Pyrotechnics and planes falling from the sky. Power is probably the most powerful word in the English dictionary. Probably.
Although, to actually think about this word, which Jason has once again tasked me with, it has a whole ‘iceburg’ metaphor going on, don’t you think?
We have the small part which is seen by all above the surface of the water, the visible part. Power in its visible form is raw and unchallenged.  It is what it is. It can defined by the feat in which it has been used to accomplish, or demolish, or whatever. However, beneath the water we have the bigger part of the iceburg.  I dont know exactly what the percentages are but put it this way, its a hell of a lot bigger beneath the surface. So in order for that formidable mass of power to appear above the surface there must be an awful lot of shit going on underneath.

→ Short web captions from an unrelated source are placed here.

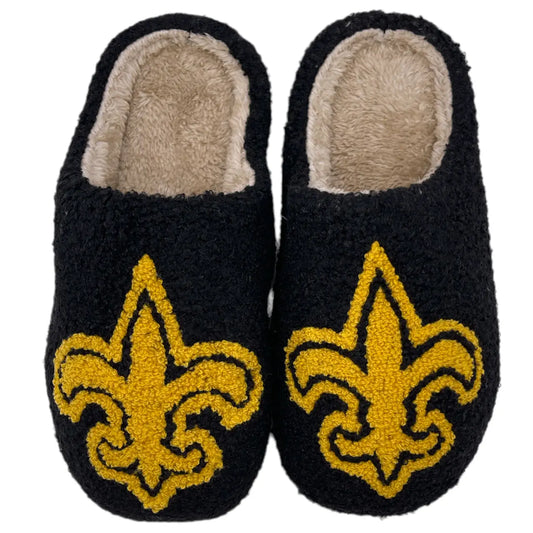 Black Fleur De Lis Slippers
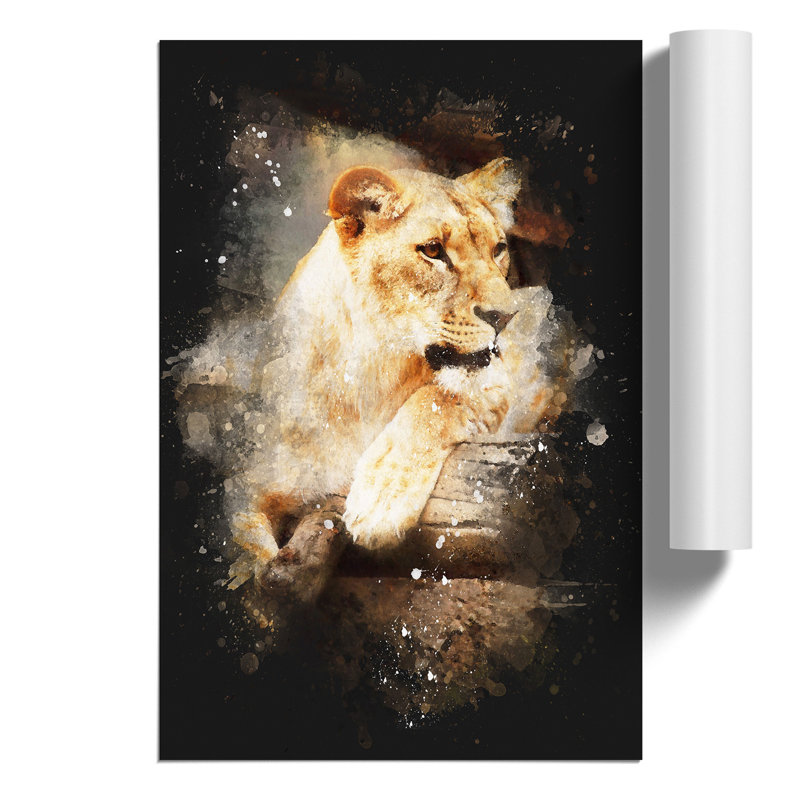 Lioness Paint Splash - Frameless Print, 84cm H x 59cm W x 0.1cm D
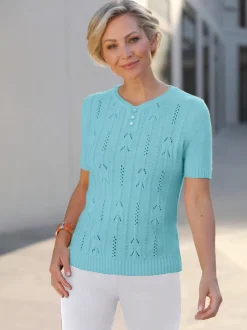 Pull à manches courtes avec motif ajouré devant et col rond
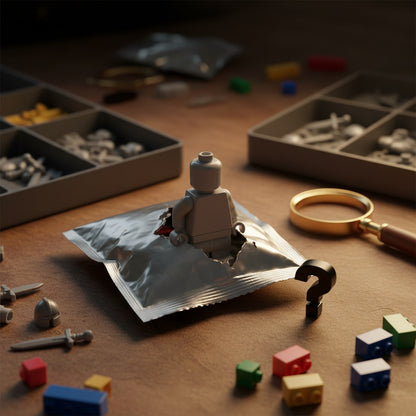 Mystery minifigure emerging from a torn foil blind bag on a collectors workbench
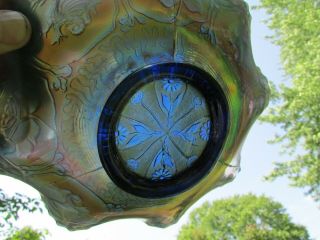 Fenton DRAGON & LOTUS ANTIQUE CARNIVAL ART GLASS RUFFLED BOWL BLUE 3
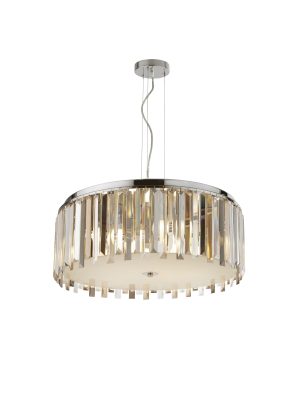 Clarissa 5Lt Drum Pendant Convertible To Semi-Flush - Glass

Body builders must build there bodies carefully in order to reach their maximum potential. It isn’t just working on the big muscles like biceps and chest no, its working on the lesser and seemingly insignficant muscles to achieve optimum performance from there finely tuned bodies. So must every other form of power take shape. Like the seed of the forbidden tree, it must start from nothing.
My personal belief is that power, ultimately,  is the ability to process and  covert KNOWLEDGE towards achieving an end goal.
Knowledge defeats all. It comes up trumps everytime. Knowing is almost everything. Knowing is living in the light. The dark is for the ignorant.
With the world and its wealth of information so easily and locally accessible,  no-one has an excuse anymore. Unless, of course, they just dont care because it just doesn’t matter.